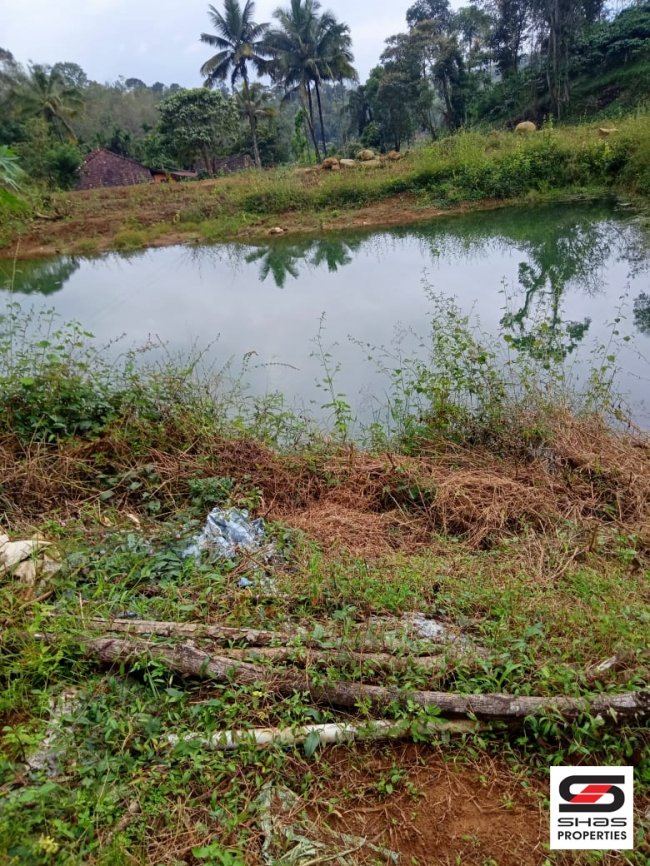 Coffee Estate with house for Sale in South Coorg, Karnataka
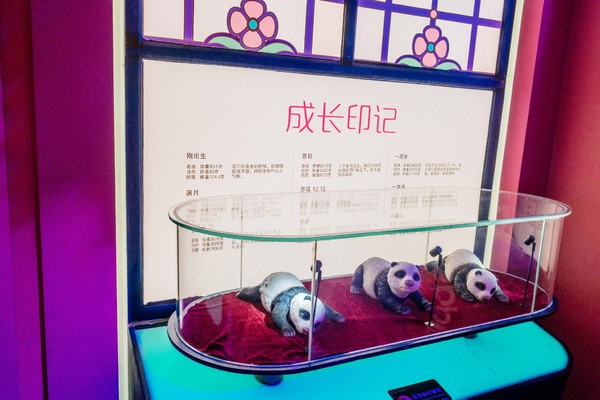 广州长隆旅游攻略自由行详细,广州长隆五一节3天2夜亲子游攻略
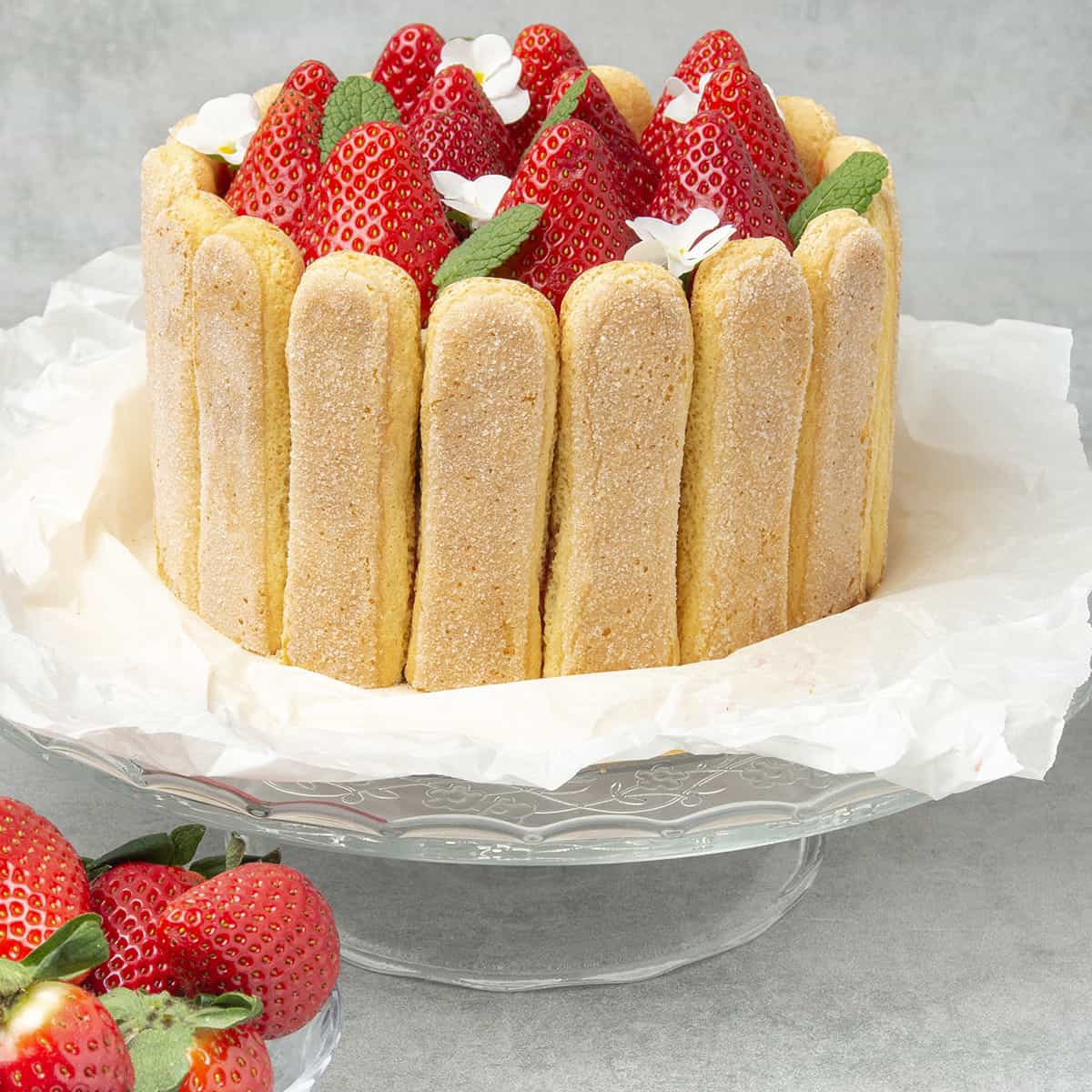 Strawberry charlotte cake on a cake stand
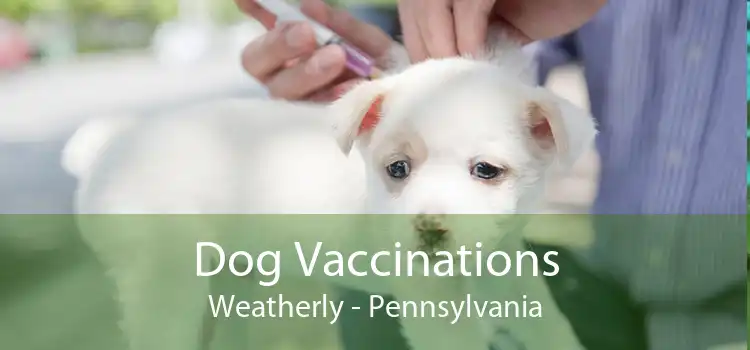 Dog Vaccinations Weatherly - Pennsylvania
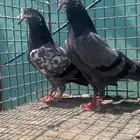 للبيع حمام تيدي شينا
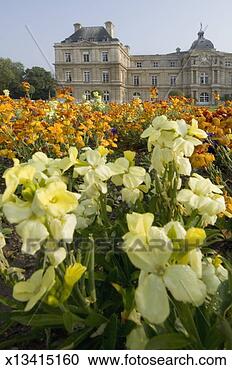 Stock Photography - france, paris, 
versailles, daffodils. 
fotosearch - search 
stock photos, 
pictures, images, 
and photo clipart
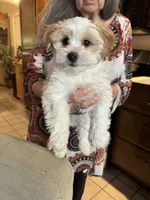 #2, a male Maltipoo and Shih Tzu for sale in Cottonwood, AZ – 2 of 3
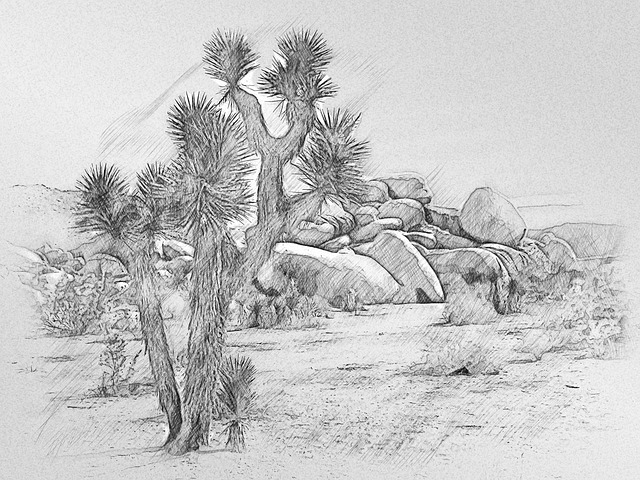 Download free HD stock image of Joshua Tree National Park Free joshua tree national park landscape illustration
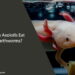Can Axolotls Eat Earthworms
• • • •
- [Assignment]:
Each entry above should be written out verbatim, minus its pictures.

- [Result of the task]:
 Coffee Estate with house for Sale in South Coorg, Karnataka
 广州长隆旅游攻略自由行详细,广州长隆五一节3天2夜亲子游攻略
 Strawberry charlotte cake on a cake stand
 Dog Vaccinations Weatherly - Pennsylvania
 للبيع حمام تيدي شينا
 Stock Photography - france, paris, 
versailles, daffodils. 
fotosearch - search 
stock photos, 
pictures, images, 
and photo clipart
 #2, a male Maltipoo and Shih Tzu for sale in Cottonwood, AZ – 2 of 3
 Download free HD stock image of Joshua Tree National Park Free joshua tree national park landscape illustration
Can Axolotls Eat Earthworms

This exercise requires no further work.